Real-world lessons learned from moving IoT prototypes to massive deployments.

January 1, 2018

2017 marked continued stable growth in both interest and deployment of IoT all over the world. In fact, according to IoT Analytics, there are more connected IoT devices than smartphones and PCs (8bn IoT devices vs. 7bn smartphones/PCs). Several writers and analysts have already done a great job reviewing IoT trends in 2017, but here are some real world lessons learned from moving IoT prototypes to massive deployments during my time at Leverege.

1. IoT Deployments are Deceptively Difficult

When I first started learning about IoT, its benefits and deployment plans seemed relatively simple. Asset tracking? Put a GPS tracker on things. Waste management? Put a depth sensor. Smart homes/cities? Put some cameras/sensors and connect it to the Internet. I mean, don’t you just connect devices to the Internet? But in practice, IoT deployments are really difficult. Each use case necessitates a different connectivity layer. How will IoT deployment affect current workflow and who will lead the training for the switch? The benefits are clear if there are no failure cases, but is there a clear recovery plan in the case of network outage? Are device repair and maintenance schedules clearly thought out? What about storage for replacement devices? How is device activation going to work? What do we do if we need to revoke access?

There are services dedicated to solving each of these challenges, but you need to act as a system integrator to address each of these parts after simply connecting things to the Internet.

2. Sensors Are Cheap, But IoT Isn’t

Sure, WiFi modules or LoRa chipsets are increasingly getting cheaper, but is that all that your device will hold? How much will adding GPS cost you? What about a battery suitable for your use case?

Aside from device costs, what about costs dedicated to transporting, installing, testing, and deploying your product? Don’t forget about training and maintenance costs. Do you need extra storage to put replacement batteries or sensors? After you pay for hardware, network, VMs, security, and human resources, are you sure that IoT actually reduces cost or is it simply a newer way to address a problem with brute force?

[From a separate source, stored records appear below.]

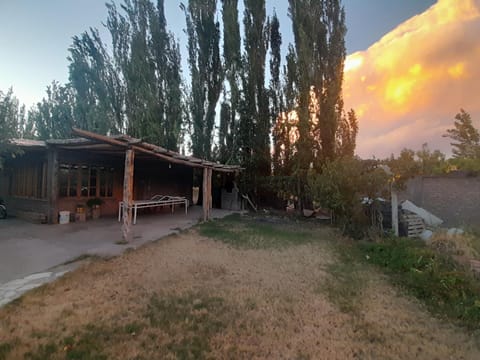 Casa de Campo Lorenza II House in San Juan Province, Argentina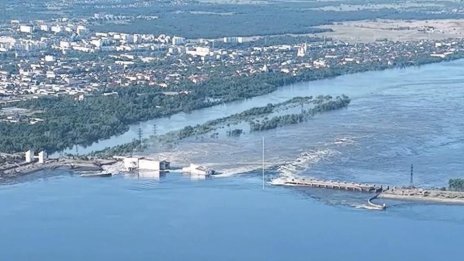 България и Румъния следят заедно за боклуците от взривения язовир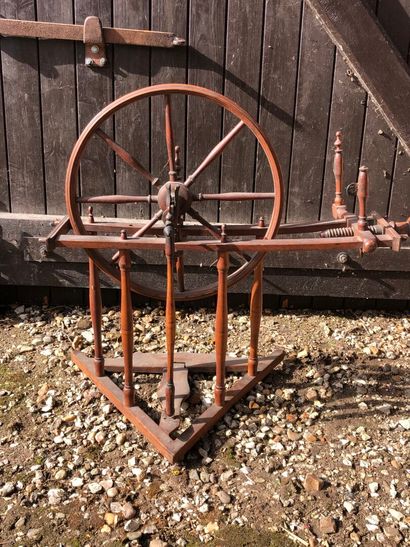 ROUET en bois tourné.
XIXe siècle. 
61 x...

3. Batteries Are Often the Most Overlooked Problem  

Batteries are boring to think about, but especially for LPWAN use cases where long battery life is advertised, it’s also the least thought about part of IoT. LPWANs list 7+ years of battery life, but in reality, battery life depends heavily on usage.

Yes, LoRa/SigFox/RPMA can reach multiple years of operation if they send one message a day. But realistically what IoT application has that kind of simple message structure? It is more likely that you need to communicate more than several times a day and use some power for intensive processing tasks such as GPS or running data logic. Aside from battery life considerations, how are the batteries inside devices going to be transported? FAA has some limitations for types of batteries used. Is the battery going to be installed on site or are they already embedded inside devices and need some sort of activation? Many manufacturers like magnet-based or motion-based activation, but how feasible is it to deploy thousands of devices that way? Are OTA commands suitable for your application?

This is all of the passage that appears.